The South Carolina Retirement System Investment Commission, Columbia, is in the process of restructuring its $6.7 billion strategic partnership network, shutting down its $3.9 billion portable alpha strategy, and deciding on a new asset allocation, according to information presented at a Feb. 28 meeting.
During a contentious meeting that ran for more than eight hours, the commission also:
- passed a motion condemning and censuring Curtis Loftis Jr., the state treasurer and a commissioner for making public and private statements other commissioners thought was inaccurate and creating a hostile work environment for commission staff;
- averted defaulting on a private equity fund capital call;
- cleaned that the search for a global custodian will be completed within the next few weeks; and
- appointed a new chief operating officer.

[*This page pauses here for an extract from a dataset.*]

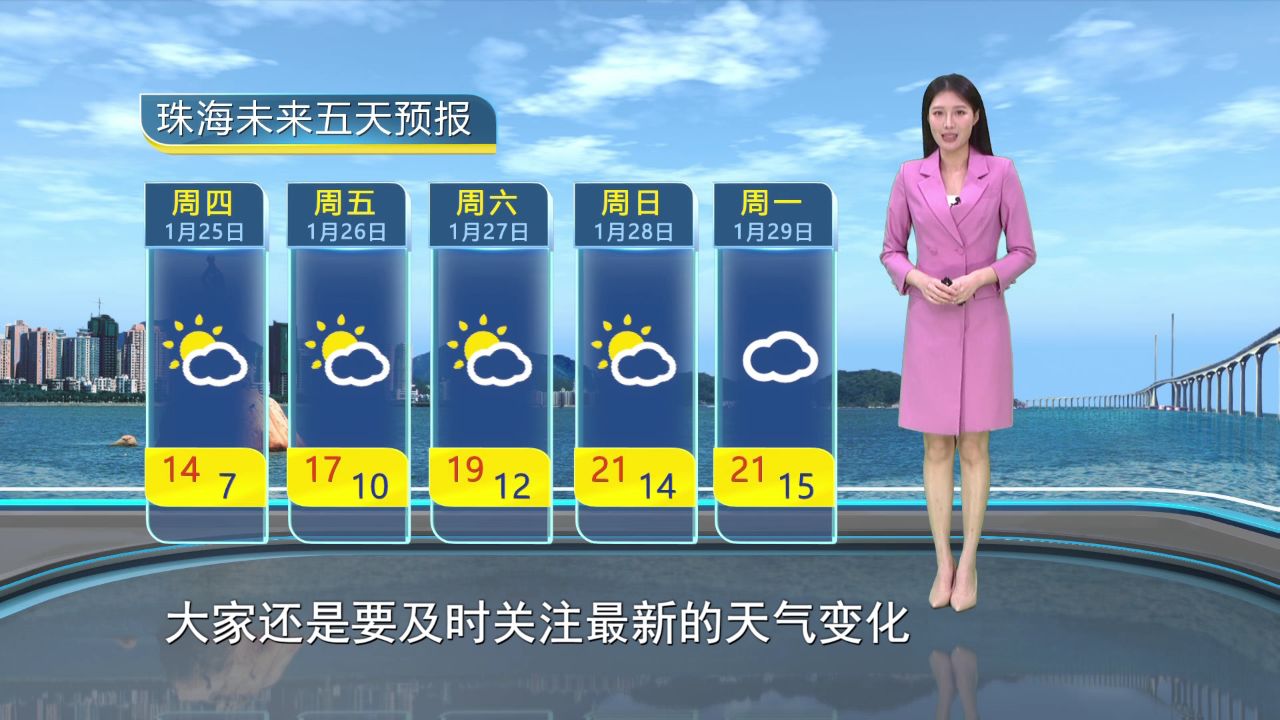 2024年1月24日晚间珠海天气预报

The $26.6 billion South Carolina Retirement Systems was one of the earliest public pension plans to adopt strategic investment partnerships that allowed money managers wider discretion to manage the system's money in a variety of asset classes (Pensions & Investments, May 26, 2008). The commission oversees investment of the state employee defined benefit plan.
The initial 2008 allocation of 19% of plan assets has grown to 25% or $6.7 billion of total assets, managed by 13 different money managers.

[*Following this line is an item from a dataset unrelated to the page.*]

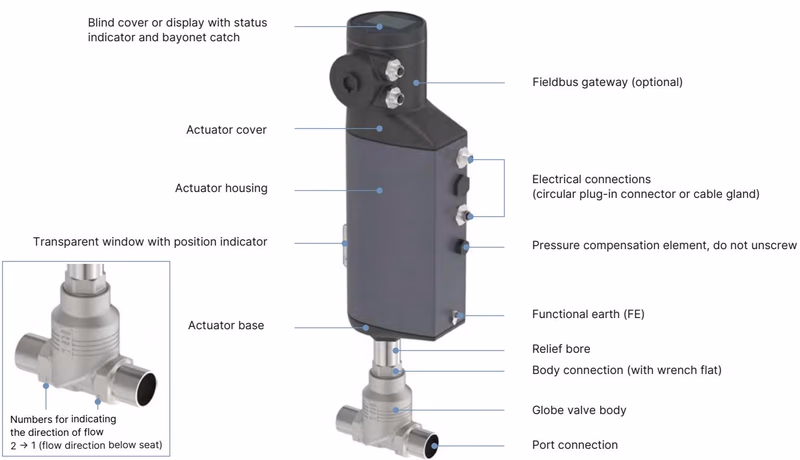 BURKERT 354953 BURKERT 3361 product assembly design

Suzanne Bernard, a partner at Chicago-based Hewitt EnnisKnupp and the commission's lead consultant, told commissioners on Feb. 28 that the strategic investment relationships are one area of concern for the system.
According to data Ms. Bernard presented at meeting, hedge funds, opportunistic credit and private equity managers handle the bulk of the strategic partnership portfolio.

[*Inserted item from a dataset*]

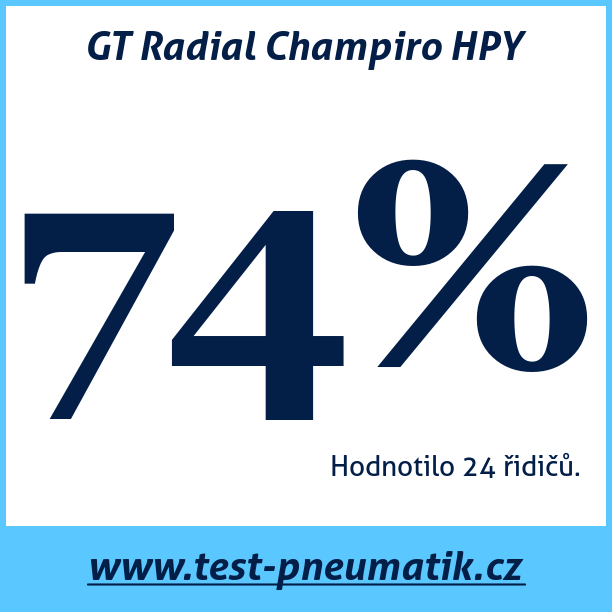 Test pneumatik GT Radial Champiro HPY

The five largest partnerships are Lighthouse Investment Partners LLC, which manages $1.2 billion; Morgan Stanley Investment Management, $909 million; Grosvenor Capital Management LP, $692 million; Mariner Capital Group LLC, $681 million; and Goldman Sachs Asset Management, $678 million.
These partnerships in aggregate had become “too large a piece of the overall portfolio. They got a little oversized,” she said, indicating the commission's investment staff had “narrowed” the partnerships, reducing the amount of money managed overall in these relationships; dividing up some of the partnerships into component asset classes; and terminating some managers.
Neither Ms. Bernard nor Hershel Harper Jr., RSIC's CIO, was available for comment after the meeting about specific changes made to individual investment partnerships.